Around the same time, Anston received its first ever interstate order. The reputation of the brand was growing. The launch of the in-house engineering studio was also a significant milestone, enabling the factory staff to customise individual products for architects and designers.
The Kilsyth factory was a palace in comparison to the original premises. However, in 2007, Bruce and Ken faced up to the fact that they were now outgrowing the new factory. A search for another new home began.
In 2008, Anston was moved to its next home in Clayton, behind Monash University. Ensuring the transition was smooth with no interruption to supply, the new fit-out was brought to completion over a full year. Equipment and procedures were introduced to manage continued growth up to five times that of the capacity of the Kilsyth factory. And, for the first time, there was space to open an indoor showroom – an addition that was greatly appreciated by all.

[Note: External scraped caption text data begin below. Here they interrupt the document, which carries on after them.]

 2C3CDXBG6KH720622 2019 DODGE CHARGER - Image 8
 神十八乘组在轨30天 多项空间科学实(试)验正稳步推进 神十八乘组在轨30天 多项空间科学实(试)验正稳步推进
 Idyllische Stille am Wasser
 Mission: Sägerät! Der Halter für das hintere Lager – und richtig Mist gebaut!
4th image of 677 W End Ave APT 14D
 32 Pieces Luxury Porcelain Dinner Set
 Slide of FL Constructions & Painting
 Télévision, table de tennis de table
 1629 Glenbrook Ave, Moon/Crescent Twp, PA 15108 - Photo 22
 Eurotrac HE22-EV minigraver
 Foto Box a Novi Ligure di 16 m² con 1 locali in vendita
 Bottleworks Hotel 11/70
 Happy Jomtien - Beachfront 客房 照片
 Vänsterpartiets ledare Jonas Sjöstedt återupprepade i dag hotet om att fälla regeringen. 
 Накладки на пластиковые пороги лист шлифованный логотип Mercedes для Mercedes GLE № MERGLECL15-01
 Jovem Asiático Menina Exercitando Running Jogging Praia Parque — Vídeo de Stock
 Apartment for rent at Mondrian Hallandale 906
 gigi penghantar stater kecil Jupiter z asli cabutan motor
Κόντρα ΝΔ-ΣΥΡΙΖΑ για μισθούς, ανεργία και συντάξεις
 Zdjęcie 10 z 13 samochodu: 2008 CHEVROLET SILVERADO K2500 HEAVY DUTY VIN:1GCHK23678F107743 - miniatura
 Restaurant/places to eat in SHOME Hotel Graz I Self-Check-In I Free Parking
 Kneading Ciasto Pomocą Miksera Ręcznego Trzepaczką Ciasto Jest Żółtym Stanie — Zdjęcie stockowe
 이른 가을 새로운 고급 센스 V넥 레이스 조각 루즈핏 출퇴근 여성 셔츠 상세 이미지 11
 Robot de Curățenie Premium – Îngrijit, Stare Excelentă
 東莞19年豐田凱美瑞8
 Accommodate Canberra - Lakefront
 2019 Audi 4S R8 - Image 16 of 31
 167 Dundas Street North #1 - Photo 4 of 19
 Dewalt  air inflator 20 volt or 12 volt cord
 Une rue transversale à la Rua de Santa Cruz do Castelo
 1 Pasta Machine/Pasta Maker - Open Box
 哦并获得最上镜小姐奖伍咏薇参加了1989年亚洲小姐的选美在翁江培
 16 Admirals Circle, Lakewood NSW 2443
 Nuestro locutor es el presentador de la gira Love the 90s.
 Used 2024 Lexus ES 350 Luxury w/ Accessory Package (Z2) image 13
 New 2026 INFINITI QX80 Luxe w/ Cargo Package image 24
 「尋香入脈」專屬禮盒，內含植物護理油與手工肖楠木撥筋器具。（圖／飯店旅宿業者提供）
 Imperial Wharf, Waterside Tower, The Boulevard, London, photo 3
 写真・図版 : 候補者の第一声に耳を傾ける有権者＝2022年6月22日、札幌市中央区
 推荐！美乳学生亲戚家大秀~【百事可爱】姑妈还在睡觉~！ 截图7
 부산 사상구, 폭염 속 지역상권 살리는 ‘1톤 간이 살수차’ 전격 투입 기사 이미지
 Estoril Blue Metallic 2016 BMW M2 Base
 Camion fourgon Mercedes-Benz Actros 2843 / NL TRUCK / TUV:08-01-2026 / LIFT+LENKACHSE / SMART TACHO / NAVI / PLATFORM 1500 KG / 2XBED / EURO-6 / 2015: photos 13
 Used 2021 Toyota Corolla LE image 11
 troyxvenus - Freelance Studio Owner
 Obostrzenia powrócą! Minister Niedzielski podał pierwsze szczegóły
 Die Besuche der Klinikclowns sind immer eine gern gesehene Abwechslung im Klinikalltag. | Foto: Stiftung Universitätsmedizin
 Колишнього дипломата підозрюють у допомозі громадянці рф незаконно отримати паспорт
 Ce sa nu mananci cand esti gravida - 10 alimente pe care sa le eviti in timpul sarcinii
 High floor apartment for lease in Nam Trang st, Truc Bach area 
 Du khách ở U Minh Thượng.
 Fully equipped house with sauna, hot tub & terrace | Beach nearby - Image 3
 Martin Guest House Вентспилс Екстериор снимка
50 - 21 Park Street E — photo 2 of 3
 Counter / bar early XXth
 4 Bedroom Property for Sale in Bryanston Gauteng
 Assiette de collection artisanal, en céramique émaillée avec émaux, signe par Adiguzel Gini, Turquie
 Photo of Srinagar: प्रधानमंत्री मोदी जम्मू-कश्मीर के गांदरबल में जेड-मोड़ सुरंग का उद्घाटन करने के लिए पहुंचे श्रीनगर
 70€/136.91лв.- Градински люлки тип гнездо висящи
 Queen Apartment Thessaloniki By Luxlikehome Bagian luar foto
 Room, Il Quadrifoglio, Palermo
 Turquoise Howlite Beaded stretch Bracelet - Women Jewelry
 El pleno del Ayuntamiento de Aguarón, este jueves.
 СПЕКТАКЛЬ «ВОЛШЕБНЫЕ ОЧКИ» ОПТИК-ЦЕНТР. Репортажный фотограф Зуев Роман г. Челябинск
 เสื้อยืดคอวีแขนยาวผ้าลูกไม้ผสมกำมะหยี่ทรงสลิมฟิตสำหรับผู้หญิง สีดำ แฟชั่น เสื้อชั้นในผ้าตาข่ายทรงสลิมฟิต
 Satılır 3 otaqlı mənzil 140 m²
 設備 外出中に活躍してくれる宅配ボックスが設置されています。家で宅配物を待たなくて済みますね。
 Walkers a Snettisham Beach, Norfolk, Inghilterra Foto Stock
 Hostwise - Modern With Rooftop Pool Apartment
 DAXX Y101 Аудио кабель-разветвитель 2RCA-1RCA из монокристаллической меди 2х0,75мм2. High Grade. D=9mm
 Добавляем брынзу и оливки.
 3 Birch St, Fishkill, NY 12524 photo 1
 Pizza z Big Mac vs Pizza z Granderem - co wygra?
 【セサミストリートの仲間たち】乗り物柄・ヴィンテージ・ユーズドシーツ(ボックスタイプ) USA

2013 saw another move for Anston’s manufacturing. Although the Clayton operation was coping with production, it still wasn’t the ideal location for our retail customers. On top of this, our business was continuing to evolve, and having managed our capacity for growth, the timing was right to retro-fit our production operation to accommodate the growing demand from architects and designers for our bespoke products.
To satisfy both these areas of our business, we decided to separate the manufacturing and the showroom. Anston’s manufacturing operation is now located in a larger premises in Boronia with a purpose-built engineering department. This move is also great news for our retail customers. After plenty of market research, we have secured a showroom in Abbotsford (Melbourne), which will be the new home for our sales and marketing team. We can’t wait to get the showroom up and running to better showcase our Architectural range.
It has been a constantly evolving and exciting 15 plus-year journey for Bruce and Ken, who are now enjoying themselves more than ever. Anston is enormously proud to be manufacturers of both an Australian-made product and Australia’s first carbon neutral paver. While there are always challenges and room for improvement, they believe the investment they have made in their people and operation augers well for the future of Anston. We all look forward to the next 15 plus years!